Khaled Sabsabi, a Lebanese/ Australian installation artist, thinks this poetic sensibility, not usually seen in other biennales, is refreshing. Though the line “Forming in the Pupil of an Eye” was inspired by the Rig Veda, Sabsabi connects it instantly to the Sufi poet Jalal ad-Din Rumi. “Rumi too speaks about the seen realms and the unseen realms. There is nothingness in the pupil of an eye but yet it’s filled with images and memories.”

Sabsabi’s video installation titled 70,000 veils (exhibited at the TKM warehouse) is inspired by Sufist literature that says there are 70,000 veils separating the individual from the divine but none separating the divine from the individual.

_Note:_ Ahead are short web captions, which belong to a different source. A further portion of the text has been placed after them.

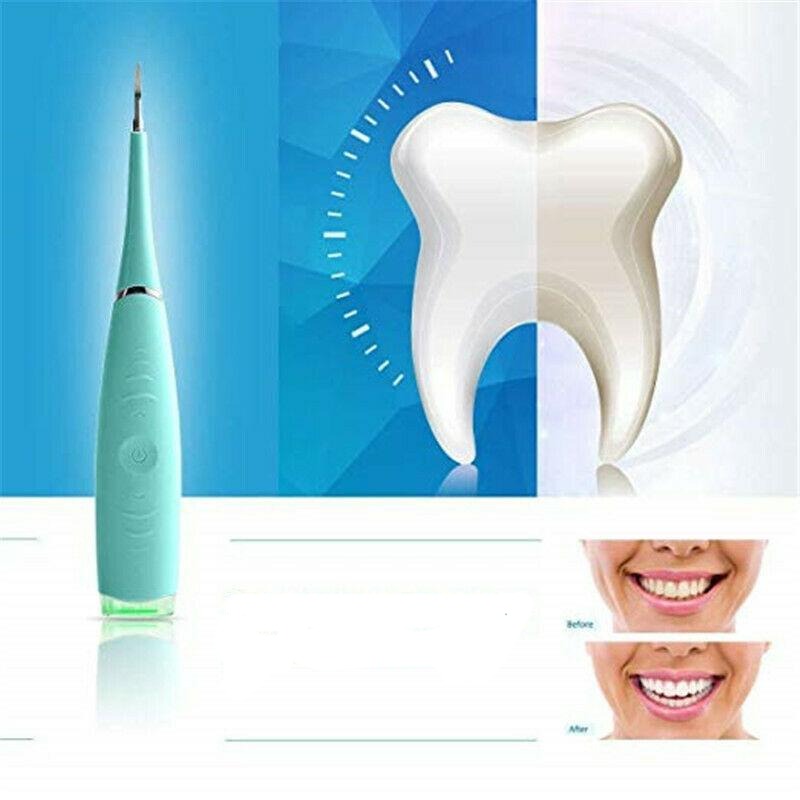 Ultrazvucni cistac zubnog kamenca - Image 2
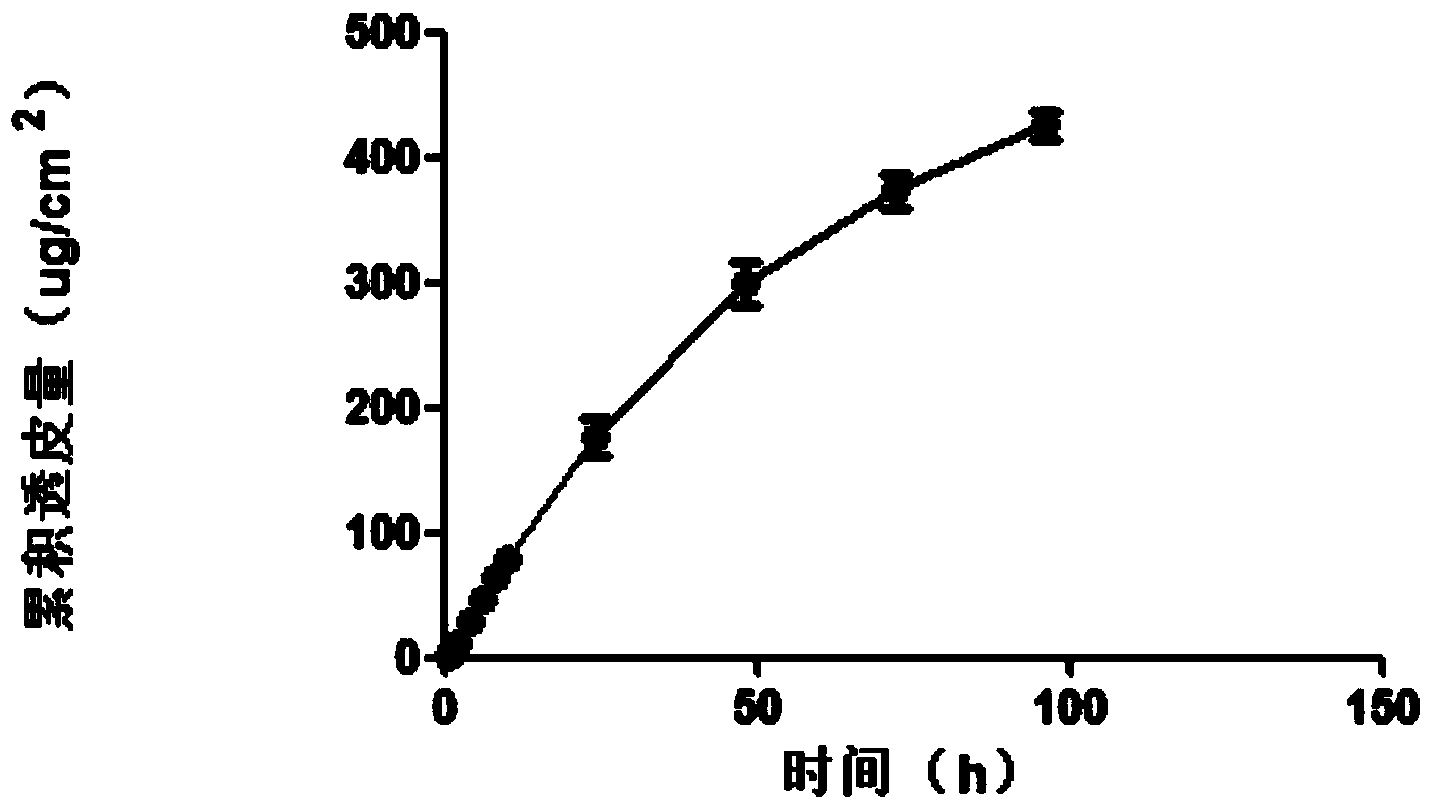 Transdermal delivery preparation in three-dimensional netty spatial configuration of agomelatine and preparation method thereof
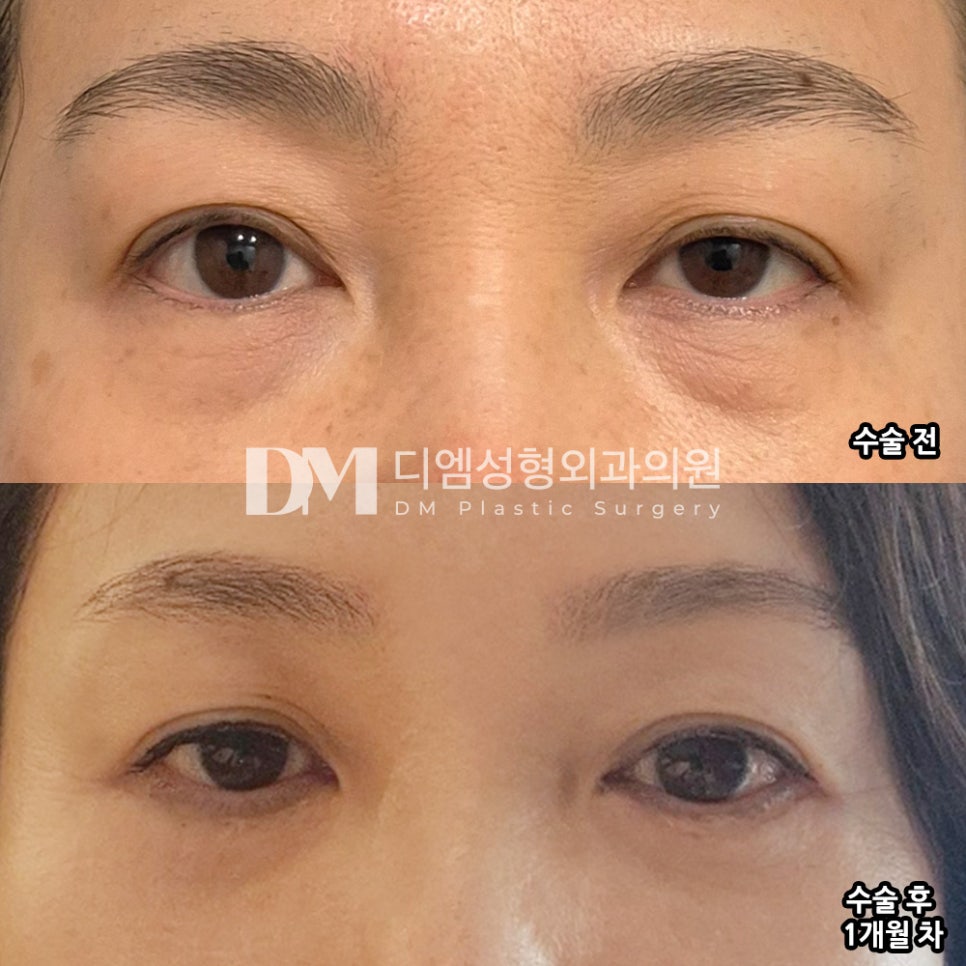 불룩 칙칙한 눈밑이 고민이라면? 관련 이미지 7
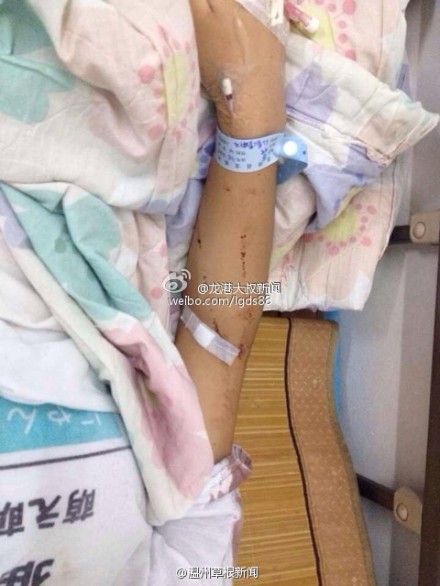 蒼南一中學女生拿剪刀捅傷同學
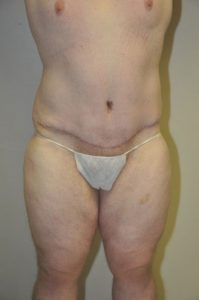 Patient 2 - Tummy Tuck Following Large Weight Loss After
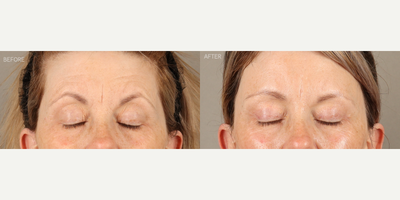 Temporal Brow Lift, Upper Blepharoplasty and Full-Face Fractionated CO2 Laser - 58-year-old female who was concerned about her eyes looking tired. She is shown 6 months after a temporal (lateral) endoscopic-style brow lift, upper blepharoplasty and full-face fractionated CO2 laser. The combination of surgeries created a more youthful upper eye contour, relieved tension on her forehead and refreshed her skin.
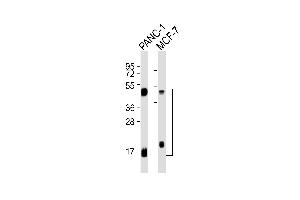 All lanes : Anti-Cathepsin D LC Antibody at 1:1000 dilution Lane 1: NC-1 whole cell lysates Lane 2: MCF-7 whole cell lysates Lysates/proteins at 20 μg per lane. (Cathepsin D 抗体  (Light Chain))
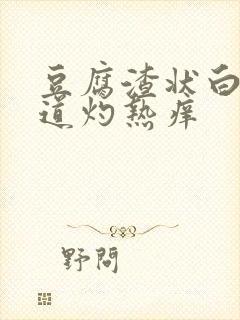 豆腐渣状白带阴道灼热痒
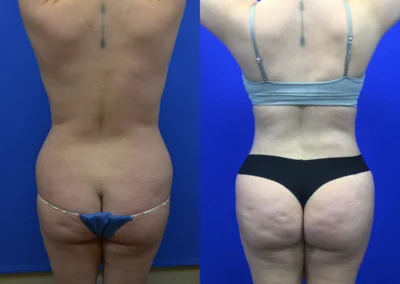 Brazilian Butt Lift before and after photos by Cabbabe Plastic Surgery in Saint Louis, MO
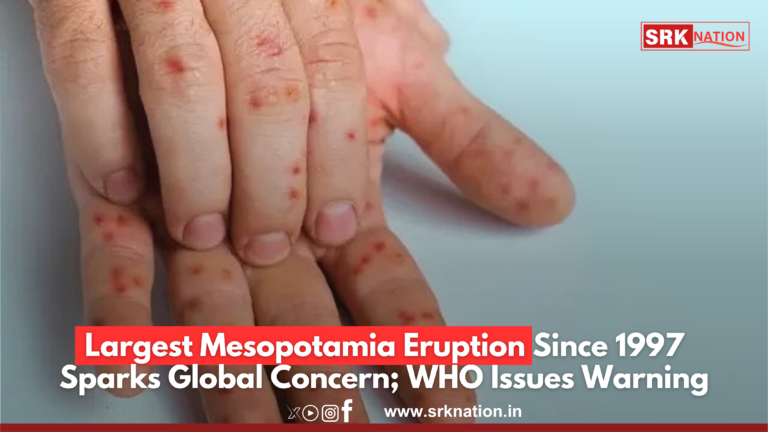 Largest Mesopotamia Eruption Since 1997 Sparks Global Concern; WHO Issues Warning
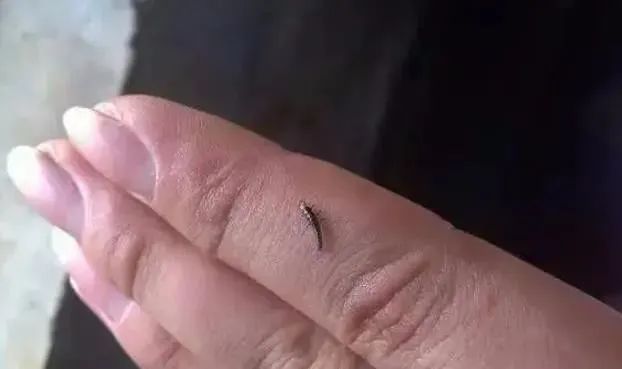 【围观】泸州女子差点毁容,竟是被虫子“泼硫酸”......(图15) 15.jpg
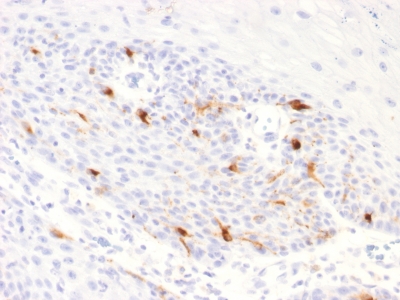 TYRP1 / gp75 Antibody - Formalin-fixed, paraffin-embedded human Basal Cell Carcinoma stained with TYRP1 Recombinant Rabbit Monoclonal Antibody (TYRP1/2340R).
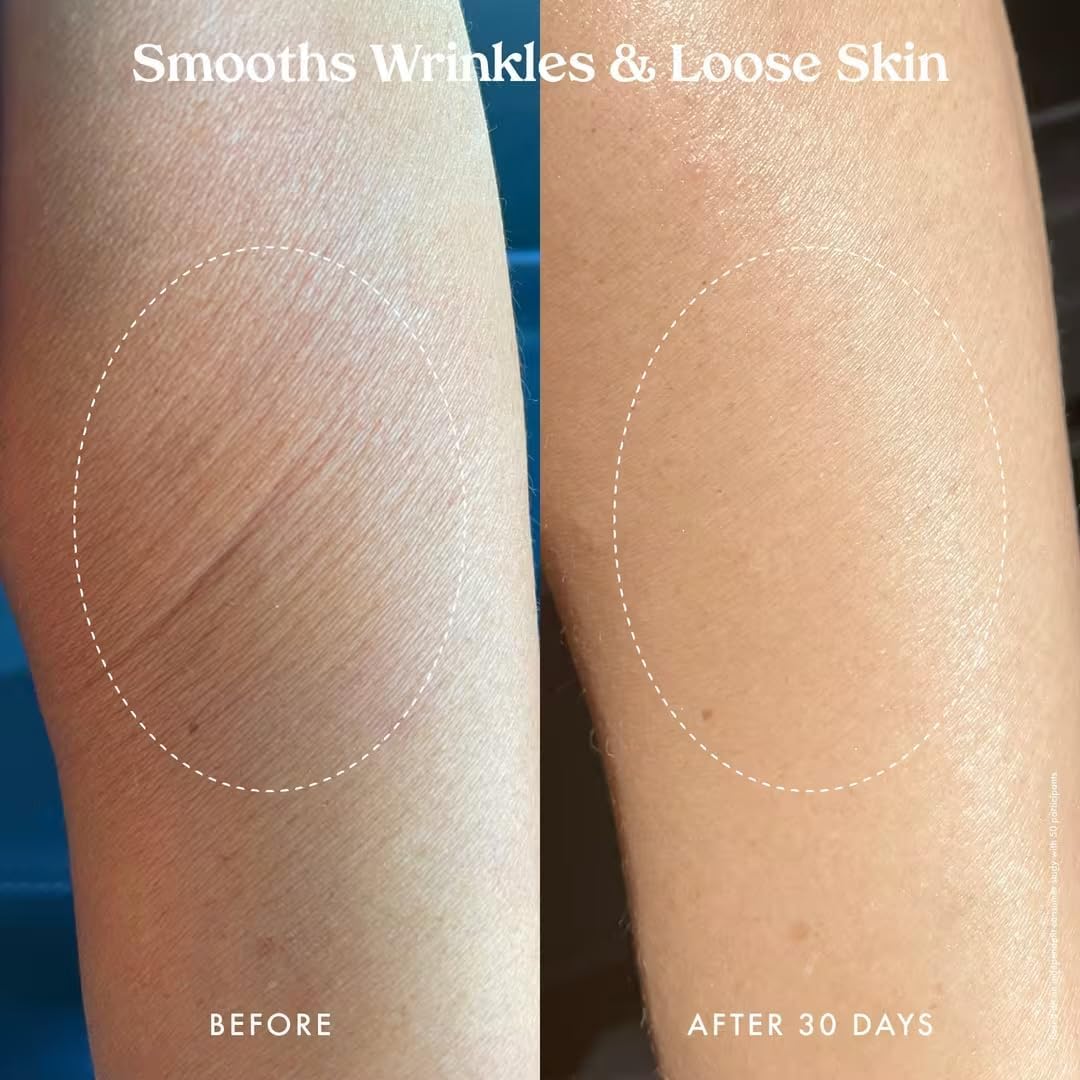 Kopari Ultra Renewal Retinol Body Cream, Infused with Acai & Encapsulated Retinol, Treat Fine Lines & Crepey Skin, Resurface & Boosts Collagen, 4.7 oz image 7 of 7 B0CS4N39RW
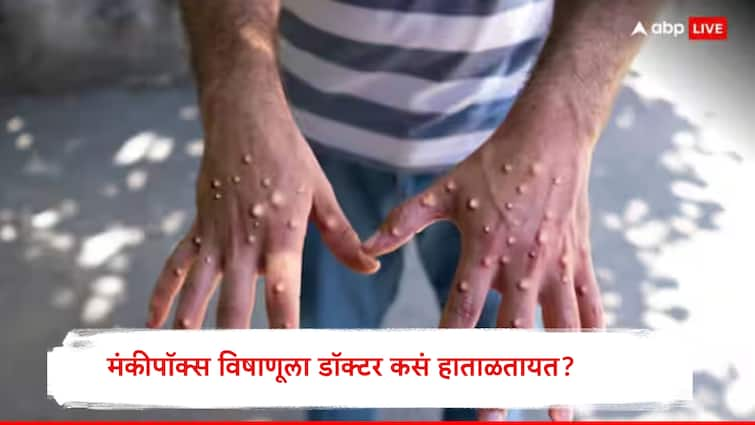 Monkeypox Doctor Handling the Monkeypox virus WHO declared Next Pandamic what is treatement for Monkeypox monkeypox:  मंकीपॉक्सच्या रुग्णांना डॉक्टर सध्या कसं हाताळतायत? रोगी माणसाच्या त्वचेशी संपर्क आला तर...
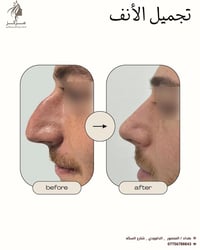 "عمليات تجميل الانف بلبنج العام ✨🤍🤍🤍🤍🤍  بأشراف افضـل اطـباء الجراحة وا...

Sabsabi, exploring those words, spent over 7 years collating 10,000 images of his everyday life, of his travels, which he assembled into 70,000 photoshopped images. He then worked tirelessly for three and half years to create 3 D videos, each which runs for 700 seconds.

Says Sabsabi, “A veil means a threshold, a destination, a boundary. This work in 3D is the metaphysical threshold. If you think about enlightenment you pass through a threshold. I am interested in spirituality that existed much earlier. In the last 100 years, the world over, there has been a shift towards ultra-orthodox right wing that serves political causes. There is no such thing as pure race, pure thought or pure ideology. If people don’t migrate and intermingle then they can’t evolve as human beings. I take refuge in making these works because I appreciate traditions and customs. As I worked and sifted through these layers of my memories and I began hallucinating about the divine.” The political position that Sabsabi takes is subverted. The politics of migration, nationalism, refugees, exclusion echo in the works at the biennale.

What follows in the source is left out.